[Data Boundary: Start]

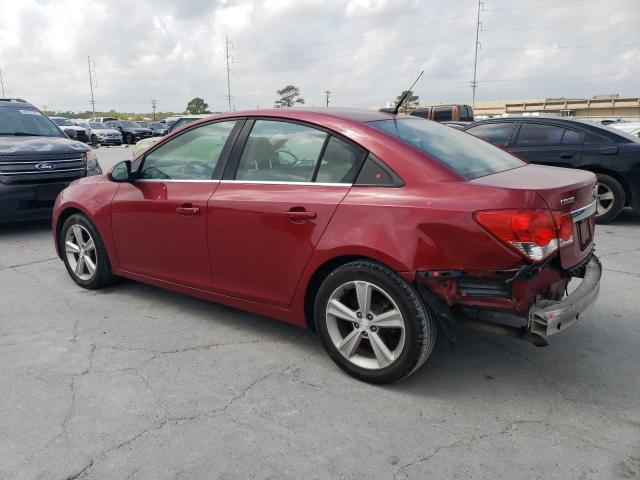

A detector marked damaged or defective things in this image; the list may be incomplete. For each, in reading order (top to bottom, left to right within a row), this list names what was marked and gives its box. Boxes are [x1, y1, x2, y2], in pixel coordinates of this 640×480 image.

exposed bumper damage [418, 255, 604, 344]
damaged rear bumper [528, 255, 604, 338]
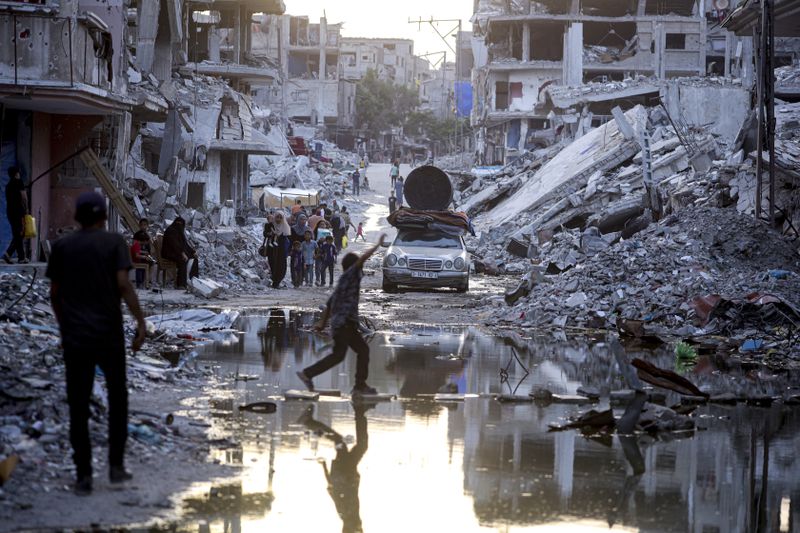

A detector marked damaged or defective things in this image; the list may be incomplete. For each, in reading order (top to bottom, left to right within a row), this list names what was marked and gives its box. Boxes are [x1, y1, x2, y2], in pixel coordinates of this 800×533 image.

damaged apartment block [468, 0, 752, 164]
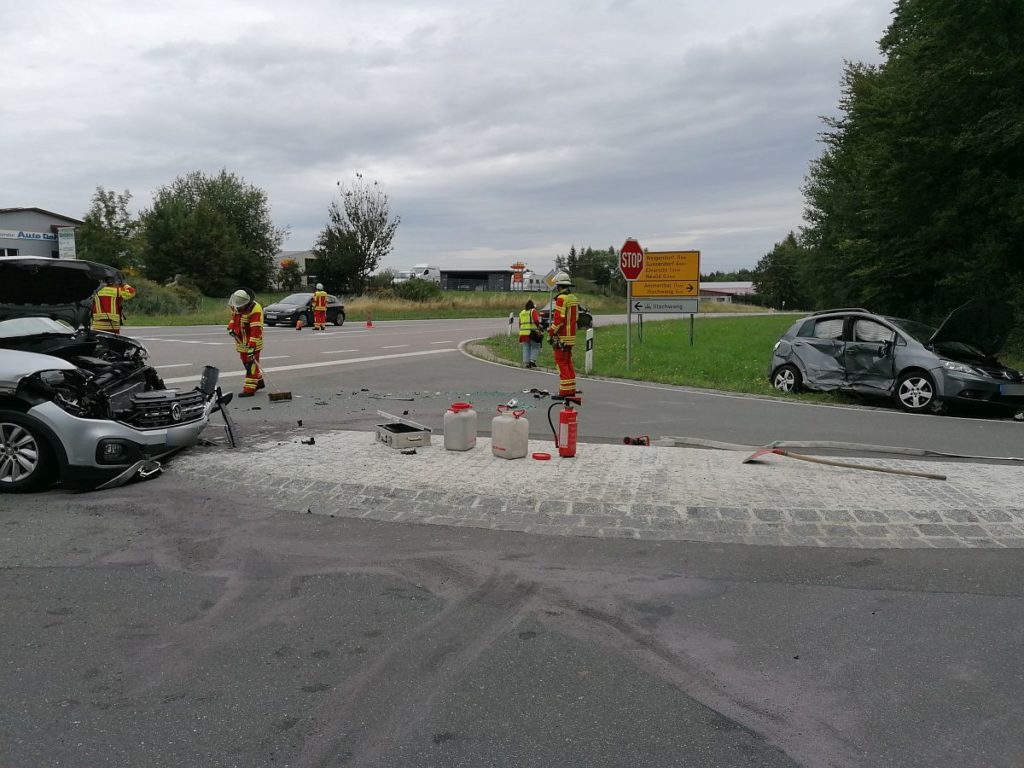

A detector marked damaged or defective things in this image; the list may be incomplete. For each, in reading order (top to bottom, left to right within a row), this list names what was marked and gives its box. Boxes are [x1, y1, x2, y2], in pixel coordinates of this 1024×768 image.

damaged silver car [0, 259, 223, 493]
damaged grey car [0, 259, 223, 493]
grey car's crushed side door [790, 317, 847, 391]
grey car's crushed side door [839, 315, 897, 393]
damaged grey car [770, 303, 1024, 417]
damaged silver car [770, 303, 1024, 417]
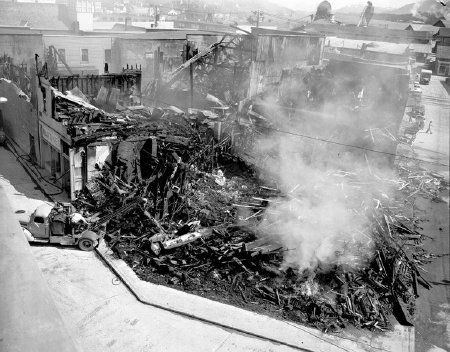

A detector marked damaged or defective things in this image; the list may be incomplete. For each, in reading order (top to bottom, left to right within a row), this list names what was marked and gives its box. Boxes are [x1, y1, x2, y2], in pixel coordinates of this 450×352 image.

damaged wall [0, 78, 39, 161]
burned debris pile [67, 98, 442, 332]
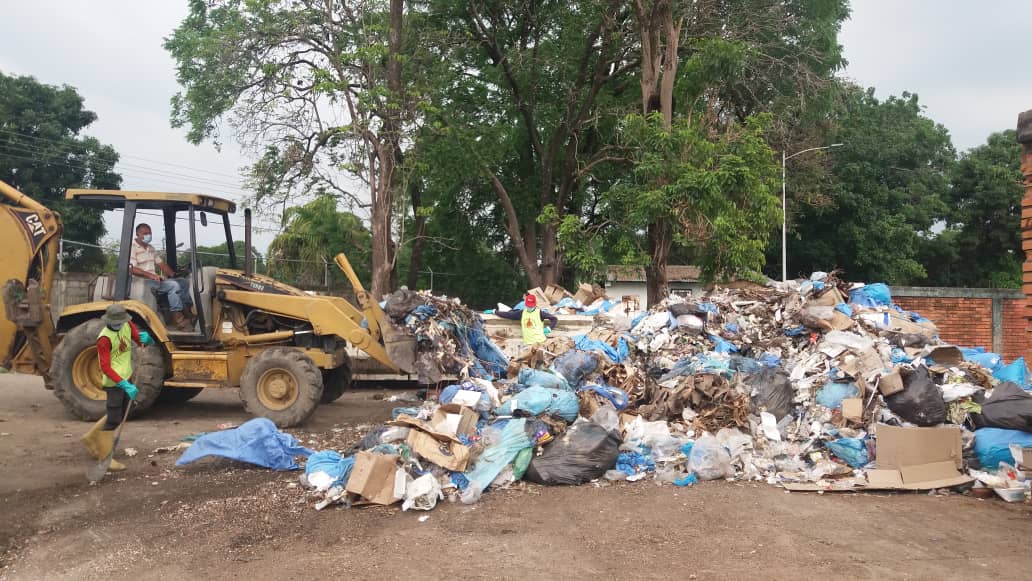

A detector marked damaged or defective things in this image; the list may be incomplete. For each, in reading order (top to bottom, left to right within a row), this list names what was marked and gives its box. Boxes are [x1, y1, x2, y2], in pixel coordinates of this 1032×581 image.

torn cardboard box [346, 449, 402, 505]
torn cardboard box [784, 425, 970, 493]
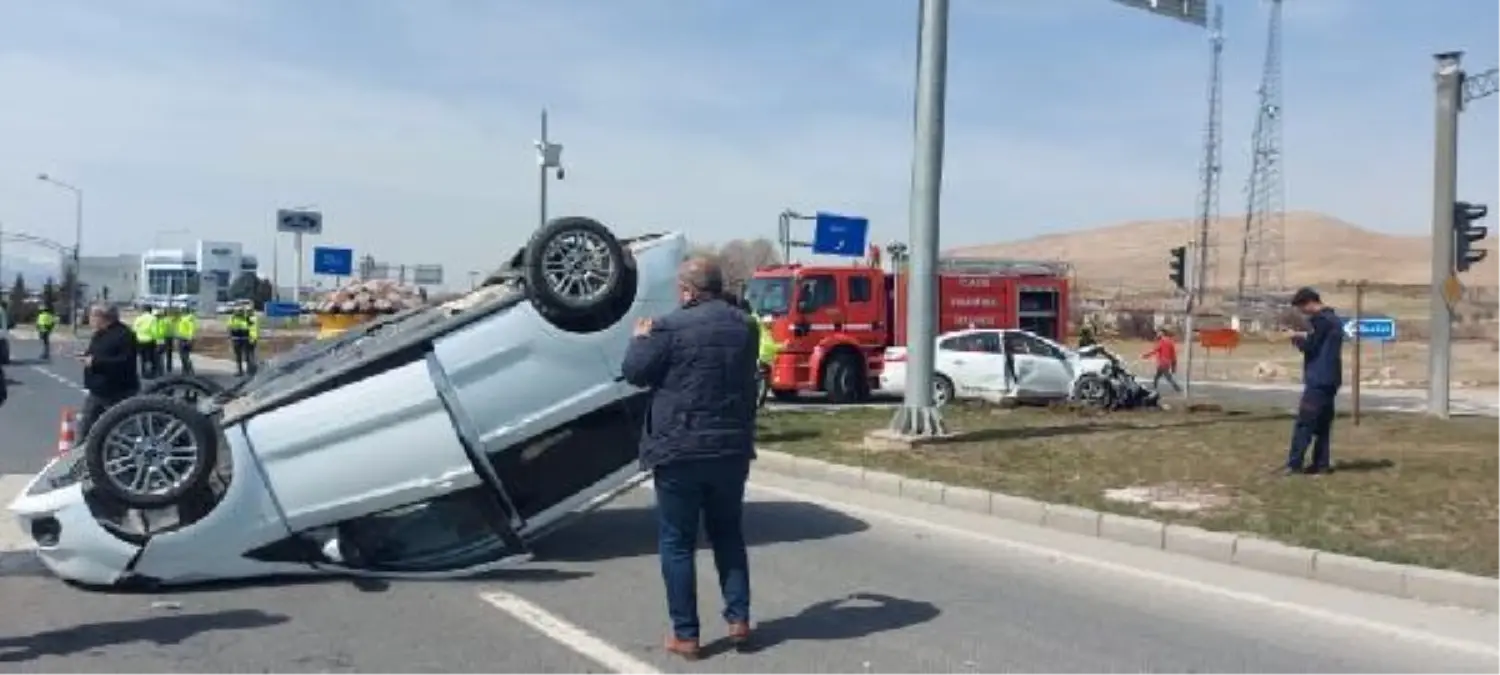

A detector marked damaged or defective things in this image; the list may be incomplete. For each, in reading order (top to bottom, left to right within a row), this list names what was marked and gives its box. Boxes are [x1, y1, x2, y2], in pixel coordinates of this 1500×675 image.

damaged white car [5, 219, 684, 588]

[Data Boundary: End]

Exercise aim ▸
Please return exactly the lines that run from the line with "this 1500×675 image." through the end of the records above, both included, and nothing more.

Written response ▸
A detector marked damaged or defective things in this image; the list may be incomplete. For each, in reading order (top to bottom, left to right within a row), this list names what was marked and gives its box. Boxes are [x1, y1, x2, y2], in pixel coordinates of this 1500×675 image.

damaged white car [5, 219, 684, 588]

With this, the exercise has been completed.